The lines below should be written out again in full, exactly as they are.

## Raw data
§ §

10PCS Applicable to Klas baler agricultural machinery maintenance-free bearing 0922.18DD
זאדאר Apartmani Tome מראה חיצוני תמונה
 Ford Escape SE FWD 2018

§ §

## Answer section
10PCS Applicable to Klas baler agricultural machinery maintenance-free bearing 0922.18DD
זאדאר Apartmani Tome מראה חיצוני תמונה
 Ford Escape SE FWD 2018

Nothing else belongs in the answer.